Best record means nothing playoff time. We had the best record in the East last year and where did it get us?

I know you're going to come back and say something like the Pacers are better and we have Rick Carlisle, but the fact remains that while it;s good to win during the regular season, for the good teams your season really starts come playoff time.

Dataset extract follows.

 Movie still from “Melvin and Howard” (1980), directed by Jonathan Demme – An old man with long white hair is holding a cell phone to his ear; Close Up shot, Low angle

This comment is not a smart comment at all, it's just the truth IMO:

But, talking about how you guys have the best record so far and all that, really shows how little success you guys have had the last couple of years.


----------



## TLR (May 28, 2003)

Throw the records out. Who has played the best basketball so far this year? That's easily the Pacers. And with Isiah not being our coach there is no reason we are just gonna stop playing great. This is what Carlisle's system does for teams. If he had this talent over in Detroit you guys would have gone to the Finals twice.


----------



## MLKG (Aug 25, 2003)

A couple things to say.

Rick Carlisle may be the best regular season coach in the NBA. Pistons fans should know this. He gets absolutely everything out of a team in the regular season with his gameplanning. He knows how to play on strengths and hide team weakness. The real test will be the playoffs, where it becomes impossible to hide team weakness and win games based on gameplanning alone. Detroit owned New Jersey in the regular season last year, but we all know how that turned out in the playoffs.

Nobody is playing their best ball yet. But out of Indiana, New Orleans, and Detroit. The Pacers are definately the closest. That's just trademark Rick Carlisle. He gets his teams playing very well right away and has always been an early season dominator, even in Detroit.

Now, New Orleans. When they get Mashburn back I think they are the best team in the East. Assuming Baron Davis keeps up his play. I thought New Orleans was the best team in the east last year. They just always get killed by injuries, which is why I'm hesitant to call them a favorite for anything because Davis and Mashburn just haven't shown they can stay healthy. But if New Orleans goes into the playoffs this year at full health, everybody better watch out.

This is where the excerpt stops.